- Extracted entries:
—————

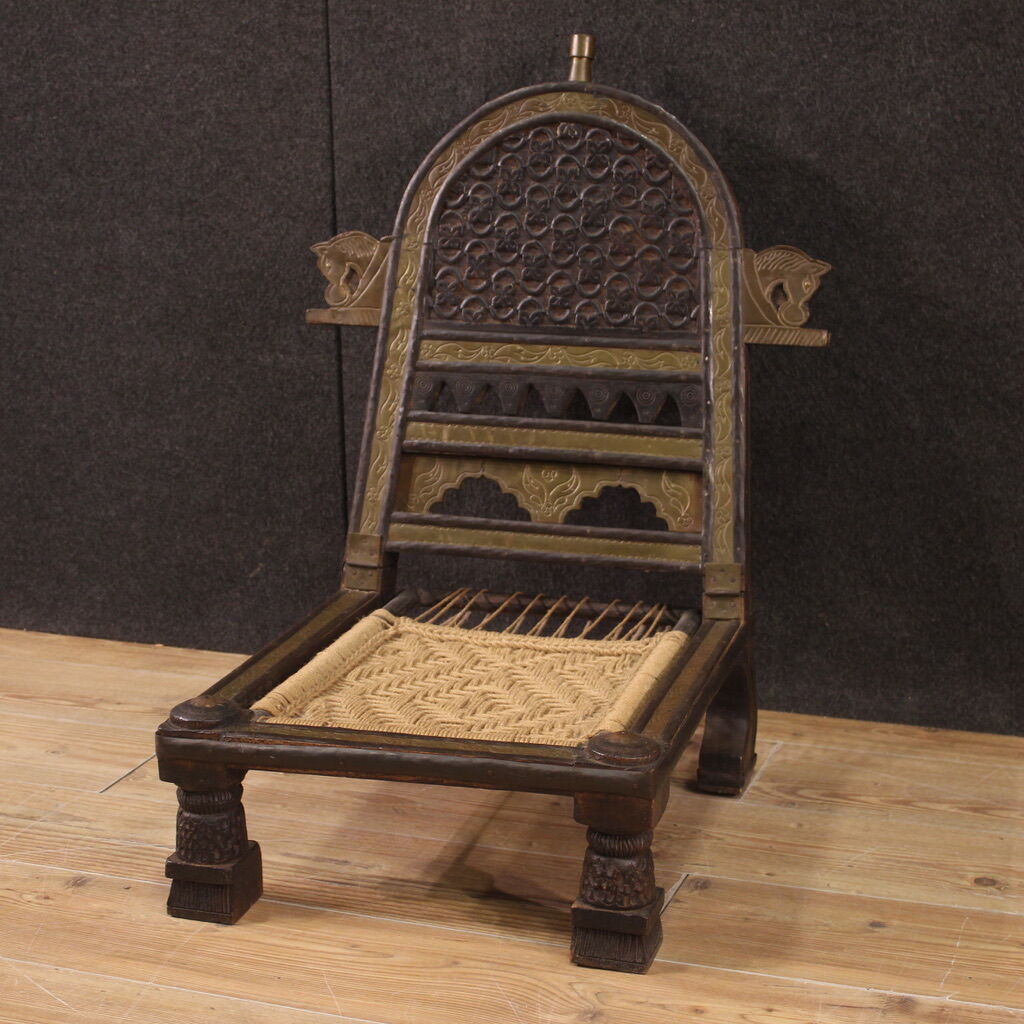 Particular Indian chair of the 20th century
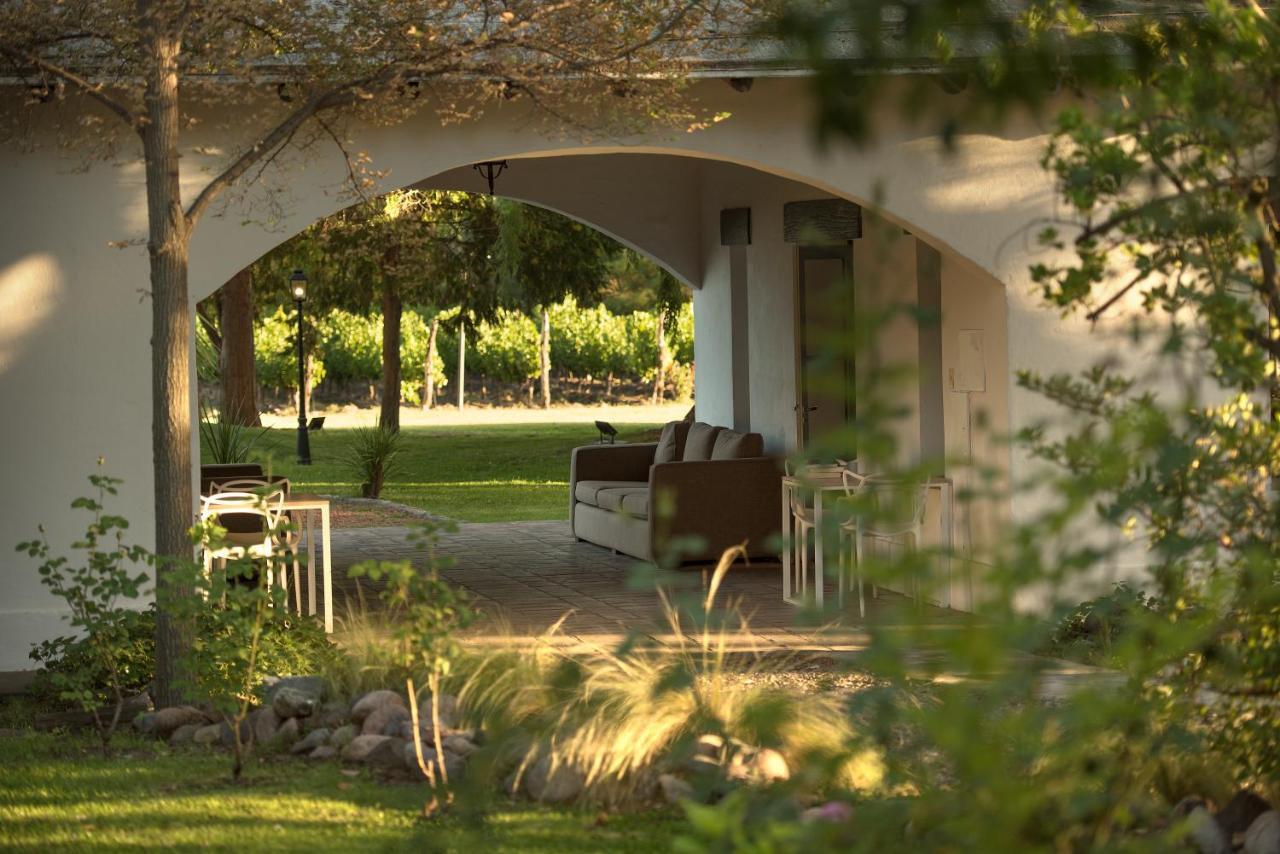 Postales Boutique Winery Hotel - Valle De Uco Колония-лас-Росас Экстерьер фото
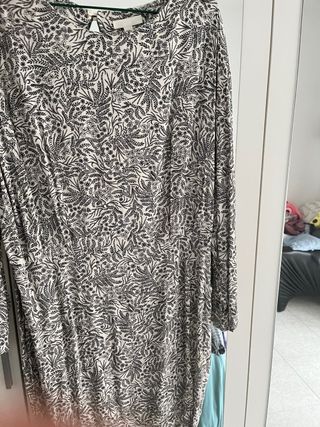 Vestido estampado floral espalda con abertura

—————

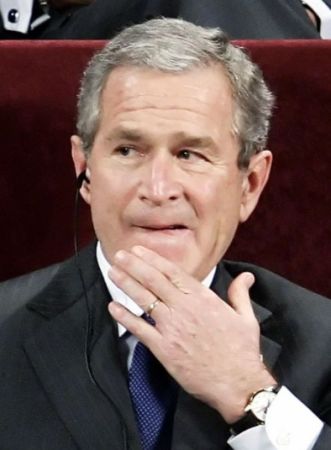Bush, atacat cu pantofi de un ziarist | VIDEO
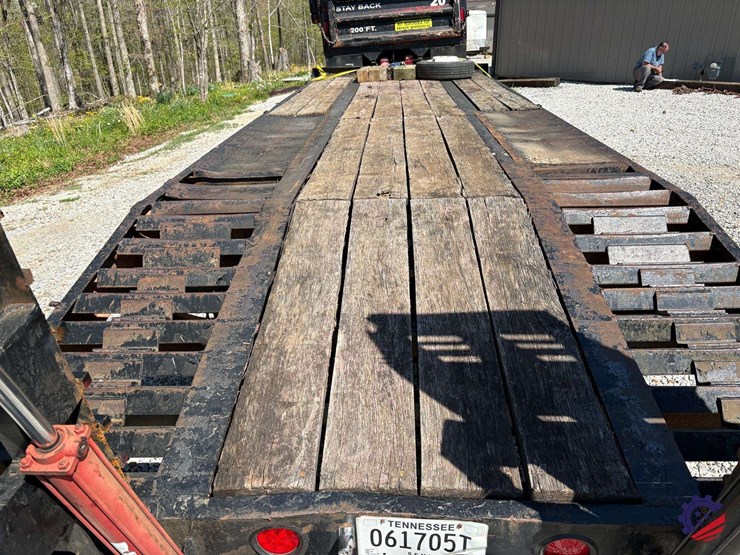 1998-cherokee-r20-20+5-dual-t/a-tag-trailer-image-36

—————

- Activity: The lines to set down run from the line with "Particular Indian chair of the 20th century" up to and including the line with "Vestido estampado floral" in the entries above. Reproduce them exactly, with no pictures.

- Result of the task:
 Particular Indian chair of the 20th century
 Postales Boutique Winery Hotel - Valle De Uco Колония-лас-Росас Экстерьер фото
 Vestido estampado floral espalda con abertura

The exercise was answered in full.